- **Provided entries**
※

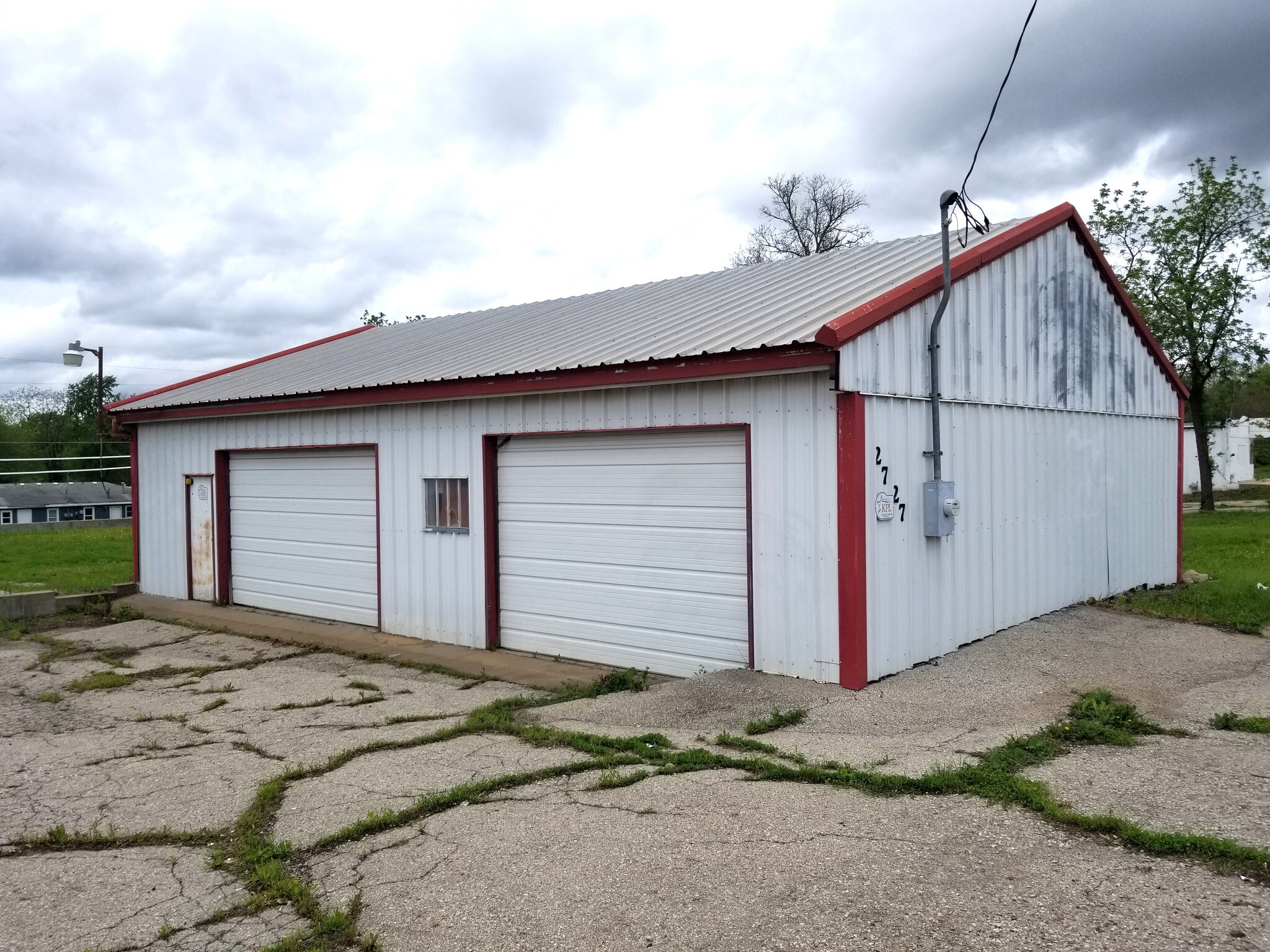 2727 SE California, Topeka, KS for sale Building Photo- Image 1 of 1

※

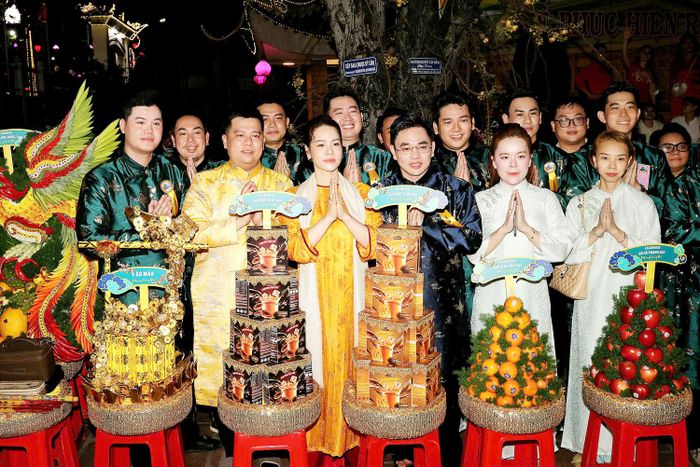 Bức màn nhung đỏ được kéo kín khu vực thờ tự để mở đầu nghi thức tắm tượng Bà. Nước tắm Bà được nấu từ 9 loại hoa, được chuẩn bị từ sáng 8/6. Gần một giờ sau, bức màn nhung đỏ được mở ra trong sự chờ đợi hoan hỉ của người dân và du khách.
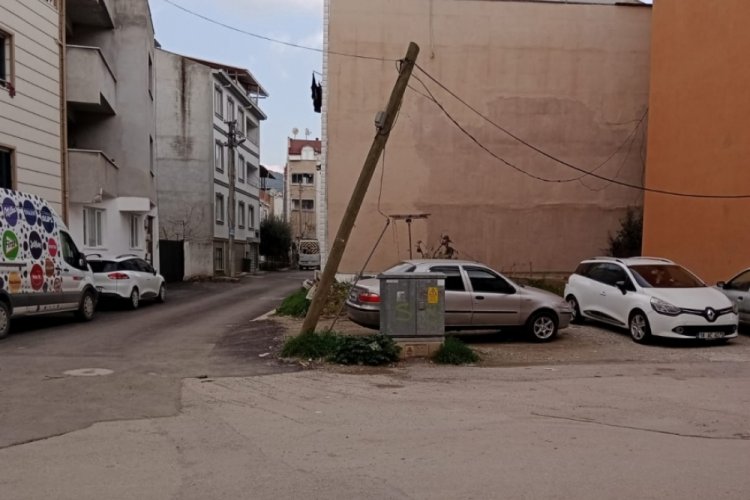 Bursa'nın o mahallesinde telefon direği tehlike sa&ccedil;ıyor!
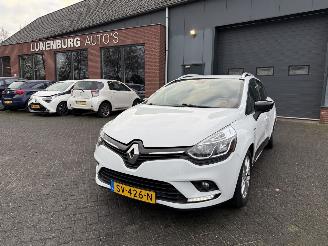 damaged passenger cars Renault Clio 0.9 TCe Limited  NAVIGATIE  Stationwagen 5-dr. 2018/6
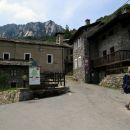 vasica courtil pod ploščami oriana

※

Please repeat the lines of the material above exactly, starting with the line that contains "Bursa'nın o mahallesinde" and ending with the line that contains "vasica courtil pod ploščami oriana". Leave the pictures out.

 Bursa'nın o mahallesinde telefon direği tehlike sa&ccedil;ıyor!
 damaged passenger cars Renault Clio 0.9 TCe Limited  NAVIGATIE  Stationwagen 5-dr. 2018/6
 vasica courtil pod ploščami oriana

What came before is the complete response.